The Brazilian market has some similarity to the Chinese market with very few diesels and most of the sales in the B and C segment. E85 is the big story. Like China, B/C segment fuel economy in Brazil lags segment FC in Germany, but differences appear to be small (~5%) and may diminish in the future. Russia has a sales mix closer to Germany and is the largest European market for large US style SUVs. Fuel Consumption is about 5 to 10% higher in all classes. While Russian domestic models have worse fuel economy, sales on international models with near equivalent FC now dominate the market.

Across countries, markets are very different due to both income and consumer preference differences.

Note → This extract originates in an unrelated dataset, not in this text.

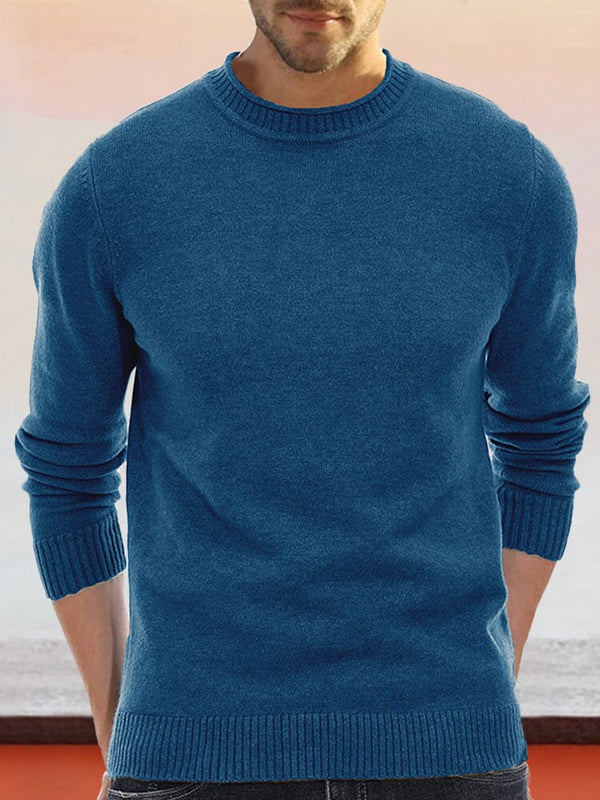 Classic Basic Knit Sweater Sweater coofandy Blue S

Even across BRIC countries demand for fuel economy from consumers varies significantly. In general, there appears to be very little technology difference between developed countries even with large fuel price differentials among the countries. There does appear to be some technology lag in smaller vehicles in the BRIC countries relative to similar vehicles in OECD countries, especially in the A and B class. Due to very low vehicle prices for small cars in developing countries, it may difficult to solve the technology lag problem easily.

Inter-country differences suggests that fuel economy policies should be tailored to the country situation, and developed country policies may not be optimal in developing country environments. The success of the Bonus Malus system in France is noteworthy as economic measures have not been tried in many countries. In countries with high demand for fuel economy, the feebate system may be helpful in fostering market forces. When attribute demand shifts to more luxury and space requirements, fuel economy regulation may prevent catering to the most negative aspects of consumer demand.